PHOTOGRAPH BY JAMIE HARMON
Matt Ross-Spang shows off the new studio at Crosstown Concourse.
Such a legacy is informing new studios being built in the city today. Toby Vest counts Easley-McCain as a major inspiration for starting High/Low Recording in 2014, which he and co-owner Pete Matthews have recently moved into a freshly renovated, customized building on Lamar Avenue. “Easley-McCain was the first place I ever worked,” says Vest, “and it was a huge influence on me. When I walked in there, I felt like, ‘This is my place.’ Around every corner there was a little box with stuff in it. Like, ‘What’s underneath this lamp? Oh! It’s a timpani.’ I loved that aspect of it. It felt like everything was up for grabs. There were no rules. So I was going for that old Easley-McCain feel. We have a lot of toys.”
For Boo Mitchell, that’s the true secret of the Memphis sound: “Memphis has such a powerful spirit that, if you come here and make a whole record, you’ve captured some of that. It affects you.”
Working with a smaller space than, say, Phillips, High/Low is necessarily modeled chiefly on rooms like the Memphis Recording Service, still functioning as Sun Studio in the evenings when the tourists have cleared out. And they’re not the only ones who’ve learned from the house that Sam built. Matt Ross-Spang started at Sun as a teenager, then worked his way to becoming a freelance engineer and producer, primarily based out of Phillips but working at Ardent as well. Having earned a couple of Grammys along the way, he’s now designed his own studio in Crosstown Concourse, called Southern Grooves, drawing inspiration from all three of those older studios. As Ross-Spang puts it, “I kinda stole from all my Memphis heroes.”

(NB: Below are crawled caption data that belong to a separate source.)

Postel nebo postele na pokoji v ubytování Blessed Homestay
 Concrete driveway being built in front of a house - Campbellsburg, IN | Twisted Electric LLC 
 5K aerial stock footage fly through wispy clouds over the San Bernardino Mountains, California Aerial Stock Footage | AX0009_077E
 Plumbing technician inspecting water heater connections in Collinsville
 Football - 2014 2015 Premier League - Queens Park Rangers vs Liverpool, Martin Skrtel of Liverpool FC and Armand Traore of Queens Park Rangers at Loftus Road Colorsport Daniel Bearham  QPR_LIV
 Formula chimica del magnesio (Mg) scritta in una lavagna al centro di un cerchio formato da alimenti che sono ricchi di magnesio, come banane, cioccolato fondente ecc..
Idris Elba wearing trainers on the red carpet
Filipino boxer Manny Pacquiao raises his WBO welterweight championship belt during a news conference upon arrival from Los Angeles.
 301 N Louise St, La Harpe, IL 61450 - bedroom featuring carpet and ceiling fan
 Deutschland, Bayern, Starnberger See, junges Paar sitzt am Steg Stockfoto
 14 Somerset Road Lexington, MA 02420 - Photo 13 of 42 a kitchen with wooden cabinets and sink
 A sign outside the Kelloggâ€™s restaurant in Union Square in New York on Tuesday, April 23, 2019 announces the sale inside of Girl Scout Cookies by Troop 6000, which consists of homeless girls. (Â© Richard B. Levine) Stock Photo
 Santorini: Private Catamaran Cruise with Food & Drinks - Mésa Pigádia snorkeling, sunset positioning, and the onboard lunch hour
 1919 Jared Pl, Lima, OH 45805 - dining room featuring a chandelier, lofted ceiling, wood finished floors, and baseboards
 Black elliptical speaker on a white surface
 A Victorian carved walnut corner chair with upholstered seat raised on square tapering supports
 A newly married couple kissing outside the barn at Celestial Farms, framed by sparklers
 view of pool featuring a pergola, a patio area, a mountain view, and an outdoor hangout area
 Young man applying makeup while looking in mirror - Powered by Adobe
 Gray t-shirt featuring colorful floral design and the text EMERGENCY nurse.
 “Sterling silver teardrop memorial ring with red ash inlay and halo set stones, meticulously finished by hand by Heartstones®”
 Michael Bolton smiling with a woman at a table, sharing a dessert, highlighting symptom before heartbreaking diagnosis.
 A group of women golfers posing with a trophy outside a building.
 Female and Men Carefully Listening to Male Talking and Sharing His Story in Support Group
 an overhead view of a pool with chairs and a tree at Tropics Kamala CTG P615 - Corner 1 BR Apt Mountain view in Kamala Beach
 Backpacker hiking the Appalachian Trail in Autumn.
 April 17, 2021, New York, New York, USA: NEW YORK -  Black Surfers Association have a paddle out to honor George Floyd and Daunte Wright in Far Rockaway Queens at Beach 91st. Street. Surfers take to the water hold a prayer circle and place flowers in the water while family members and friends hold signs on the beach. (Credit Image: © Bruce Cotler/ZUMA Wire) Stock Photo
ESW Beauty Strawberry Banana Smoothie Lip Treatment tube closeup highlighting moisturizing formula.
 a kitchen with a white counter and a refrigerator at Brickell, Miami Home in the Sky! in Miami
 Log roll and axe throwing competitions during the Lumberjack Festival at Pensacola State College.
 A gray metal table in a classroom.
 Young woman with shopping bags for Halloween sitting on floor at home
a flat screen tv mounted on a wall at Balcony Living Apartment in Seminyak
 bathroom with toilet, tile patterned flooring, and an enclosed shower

Yet another newcomer on the studio scene is Memphis Magnetic Recording, founded by producer/engineer Scott McEwen, formerly based in Nashville, and studio designer Bob Suffolk. Suffolk has decades of experience, cutting his teeth on studio design in the ’80s while renovating Trident Studios in London. Having seen and heard such rooms, he’s committed to keeping the qualities of a well-designed recording space alive. “Our studio is brand-spanking new,” he says, “although it’s done in what I call a purpose-built vintage style.”
McEwen, for his part, is another Easley-McCain fan who made good. “I love Doug Easley’s work,” he says. “I used to live with Mark Ibold, the bass player for Pavement. So I was listening to the records Doug and Davis McCain were making, and I realized Sonic Youth and Jon Spencer and all these guys were going to Memphis. I loved Doug’s work from afar. I feel like he put Memphis back on the map, for my generation.”
Ultimately, it may well be that the city’s sense of community and continuity itself has played the most critical role in today’s recording renaissance. Recalling recent sessions for Scott Bomar’s soundtrack to Dolemite Is My Name, steeped in the sounds of the ’70s, Mitchell notes how much it was in keeping with the old ways of making records.
“It was a truly Memphis-centric project,” he says, “because you had Scott Bomar from Electraphonic, Kevin Houston, me, and we used Matt Ross-Spang’s microphones. So it was a bunch of cool Memphis engineers coming together to make this thing happen. It’s just like it was when my dad was doing stuff in the ’60s and ’70s. He’d go to American and play on records, go to Stax and play on records. Everybody rotated, you know?”
For Mitchell, that’s the true secret of the Memphis sound: “Memphis has such a powerful spirit that, if you come here and make a whole record, you’ve captured some of that. It affects you.”